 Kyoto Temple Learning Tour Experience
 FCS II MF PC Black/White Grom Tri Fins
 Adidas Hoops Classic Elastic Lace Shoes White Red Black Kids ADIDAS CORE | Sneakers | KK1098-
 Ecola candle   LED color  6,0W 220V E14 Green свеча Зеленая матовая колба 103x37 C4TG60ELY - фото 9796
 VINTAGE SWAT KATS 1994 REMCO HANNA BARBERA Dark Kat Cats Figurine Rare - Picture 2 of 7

--

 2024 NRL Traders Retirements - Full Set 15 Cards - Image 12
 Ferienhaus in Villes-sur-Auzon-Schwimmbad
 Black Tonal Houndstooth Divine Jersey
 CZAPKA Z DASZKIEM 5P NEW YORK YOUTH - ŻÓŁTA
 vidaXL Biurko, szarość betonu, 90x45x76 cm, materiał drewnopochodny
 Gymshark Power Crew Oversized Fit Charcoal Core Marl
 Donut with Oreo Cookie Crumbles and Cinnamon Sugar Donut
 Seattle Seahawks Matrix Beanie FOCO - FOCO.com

--

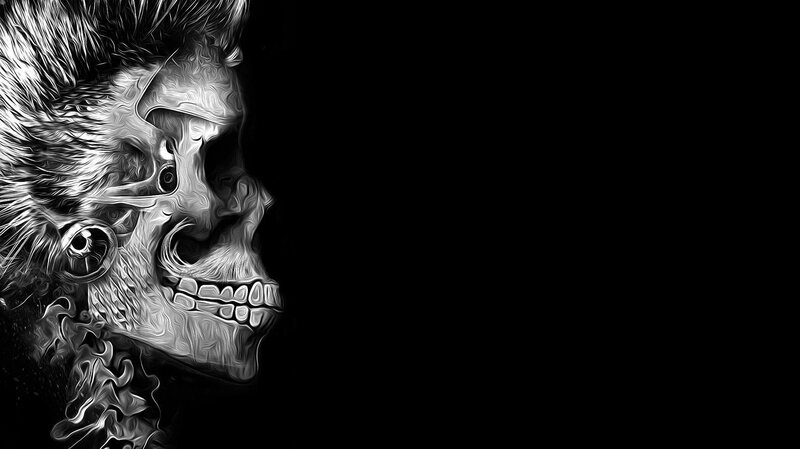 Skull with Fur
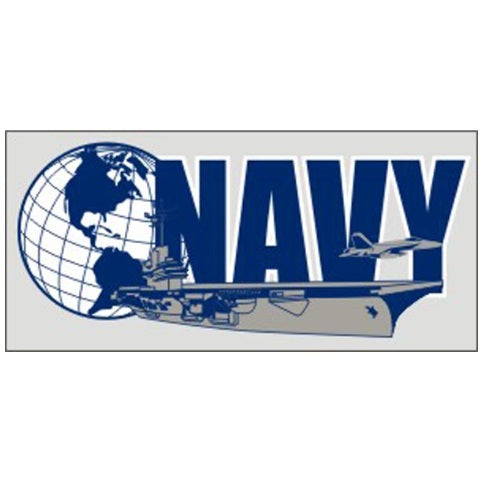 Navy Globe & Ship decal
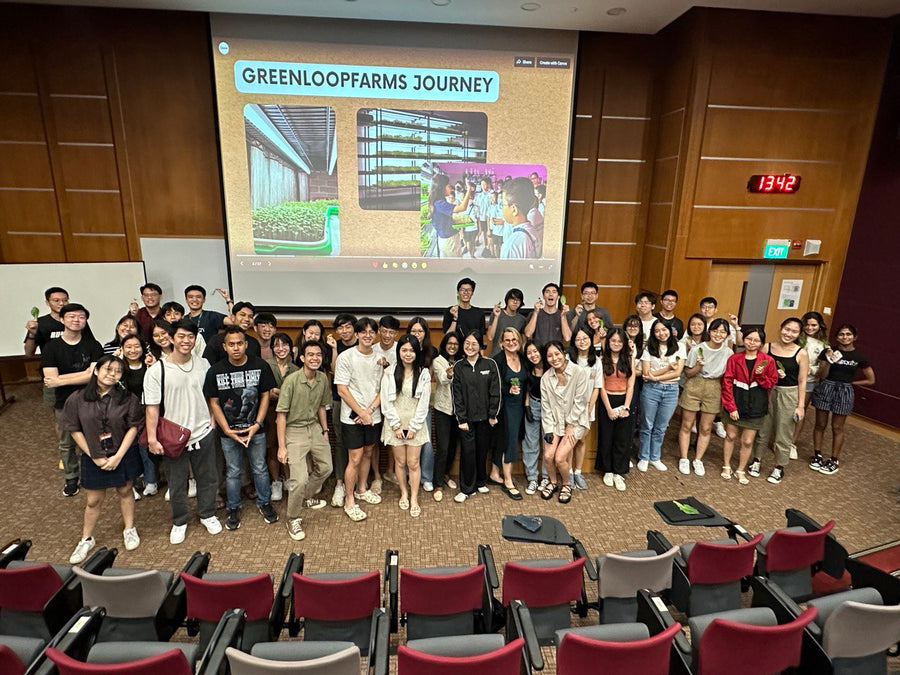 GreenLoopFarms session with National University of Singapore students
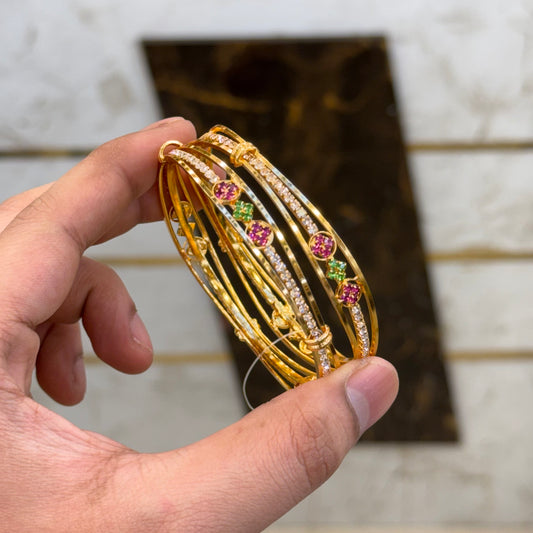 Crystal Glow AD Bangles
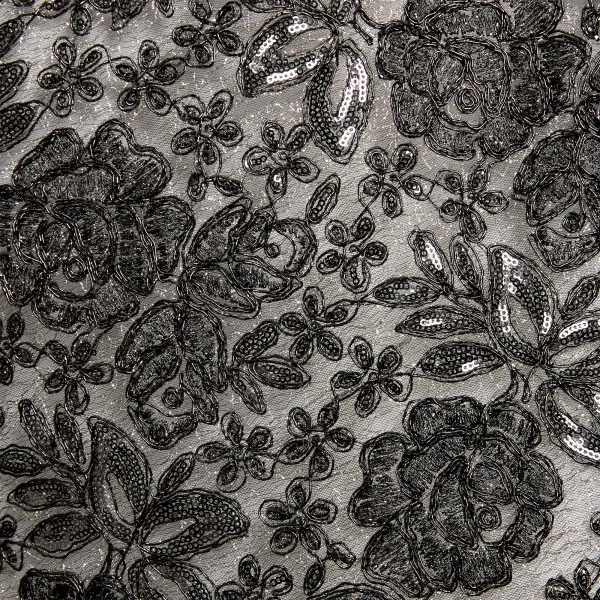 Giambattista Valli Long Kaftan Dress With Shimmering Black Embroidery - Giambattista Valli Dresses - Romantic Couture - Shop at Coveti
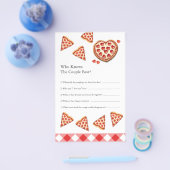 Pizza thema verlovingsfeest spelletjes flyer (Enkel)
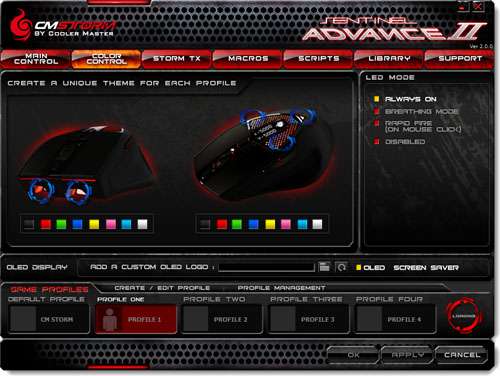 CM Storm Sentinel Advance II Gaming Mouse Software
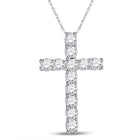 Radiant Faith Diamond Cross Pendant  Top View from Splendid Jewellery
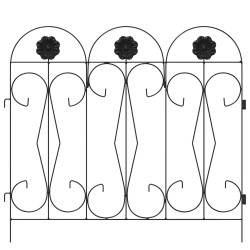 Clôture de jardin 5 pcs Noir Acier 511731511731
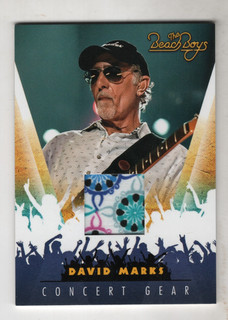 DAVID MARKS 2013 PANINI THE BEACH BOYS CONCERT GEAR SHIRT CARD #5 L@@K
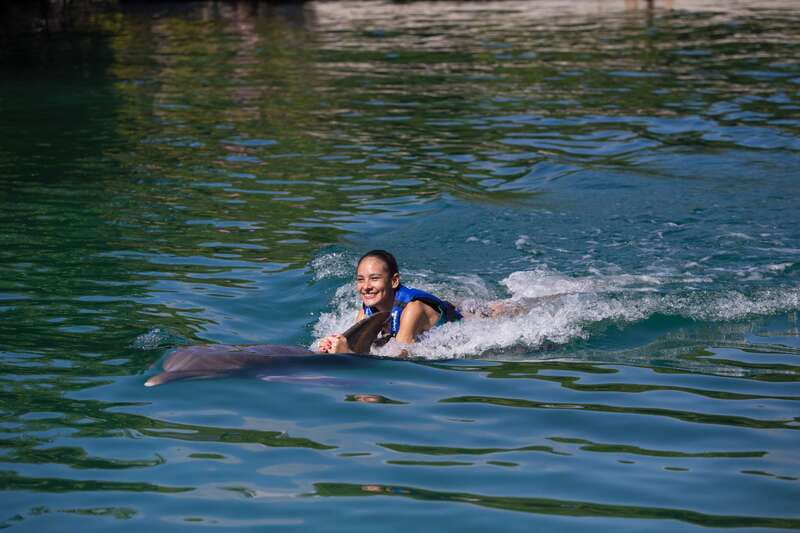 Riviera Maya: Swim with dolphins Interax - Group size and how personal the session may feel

--

**PROBLEM REQUIREMENTS:** The answer is the run of lines above from the line containing "Gymshark Power Crew" through the line containing "Seattle Seahawks Matrix", copied exactly and alone.

**EXERCISE RESULT:**
 Gymshark Power Crew Oversized Fit Charcoal Core Marl
 Donut with Oreo Cookie Crumbles and Cinnamon Sugar Donut
 Seattle Seahawks Matrix Beanie FOCO - FOCO.com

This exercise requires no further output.